*TASK TO CARRY OUT*
Look below for the line that contains "Gintaro širdis, auksuotas", then copy it and each following line exactly, through and including the line that contains "Classic Blend Engine".

*DATASET*

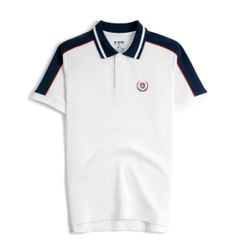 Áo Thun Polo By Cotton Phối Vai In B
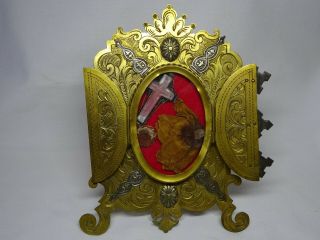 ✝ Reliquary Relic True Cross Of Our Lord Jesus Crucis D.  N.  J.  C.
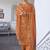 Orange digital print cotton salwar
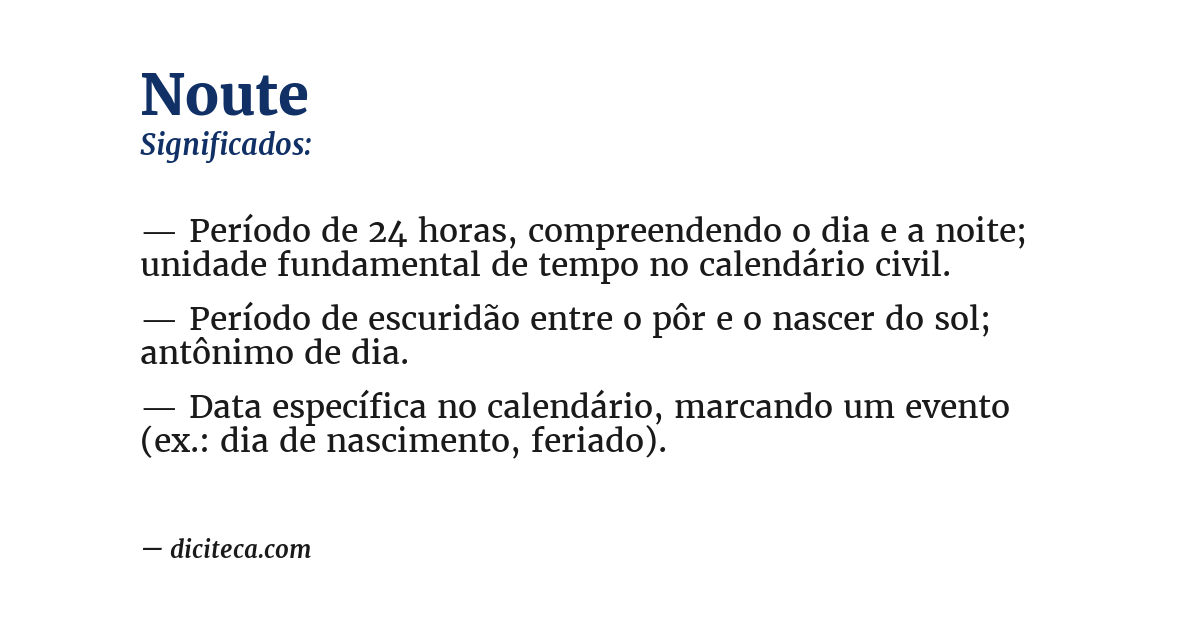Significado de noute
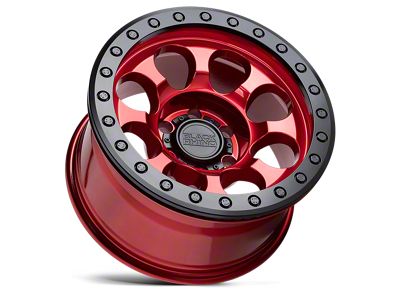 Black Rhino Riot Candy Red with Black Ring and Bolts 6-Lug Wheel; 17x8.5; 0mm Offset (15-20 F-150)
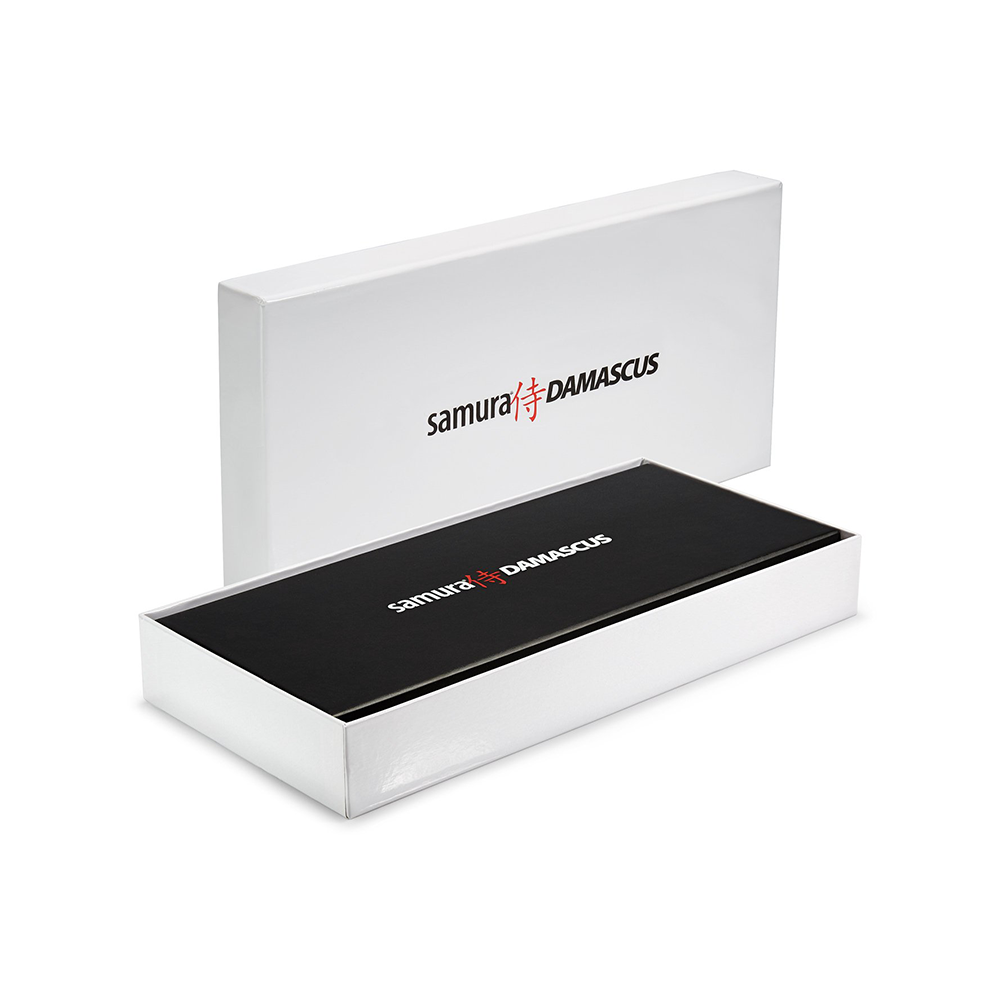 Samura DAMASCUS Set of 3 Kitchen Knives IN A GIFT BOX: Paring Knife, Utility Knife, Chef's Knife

==

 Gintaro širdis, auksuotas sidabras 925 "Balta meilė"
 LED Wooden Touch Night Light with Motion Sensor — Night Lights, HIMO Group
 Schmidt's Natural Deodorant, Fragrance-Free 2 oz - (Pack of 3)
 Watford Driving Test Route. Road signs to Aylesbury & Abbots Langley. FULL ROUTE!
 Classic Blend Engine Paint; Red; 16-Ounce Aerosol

--

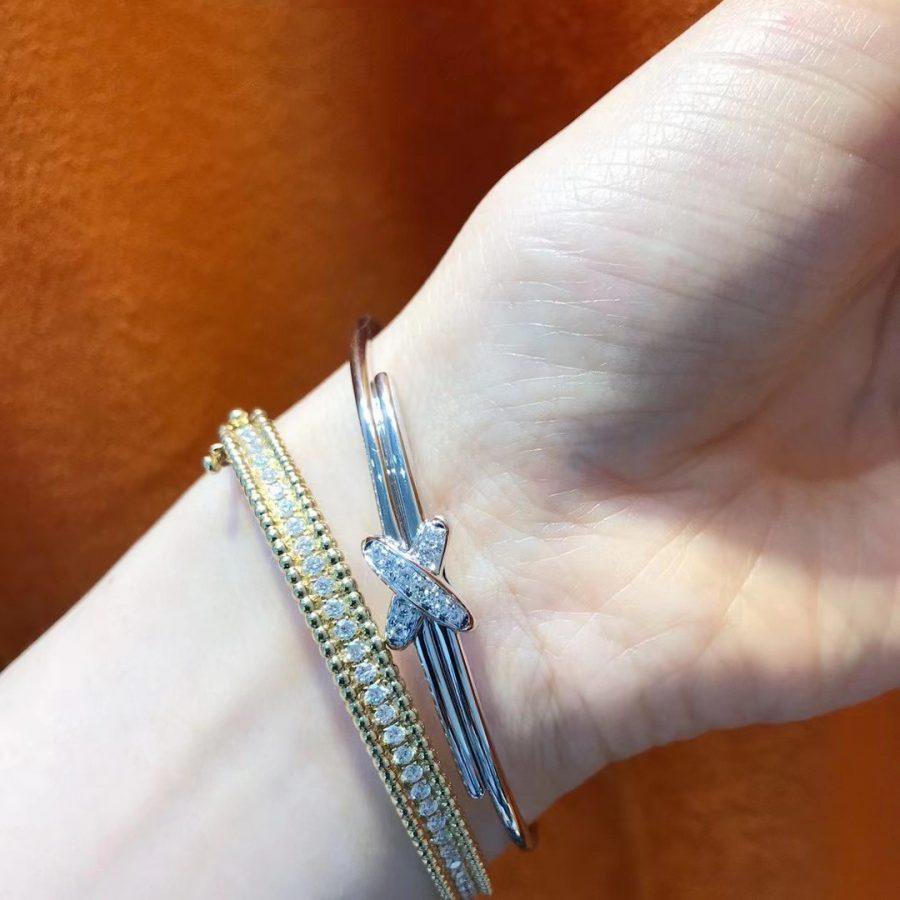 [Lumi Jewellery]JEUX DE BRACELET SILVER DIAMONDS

*EXERCISE RESPONSE*
 Gintaro širdis, auksuotas sidabras 925 "Balta meilė"
 LED Wooden Touch Night Light with Motion Sensor — Night Lights, HIMO Group
 Schmidt's Natural Deodorant, Fragrance-Free 2 oz - (Pack of 3)
 Watford Driving Test Route. Road signs to Aylesbury & Abbots Langley. FULL ROUTE!
 Classic Blend Engine Paint; Red; 16-Ounce Aerosol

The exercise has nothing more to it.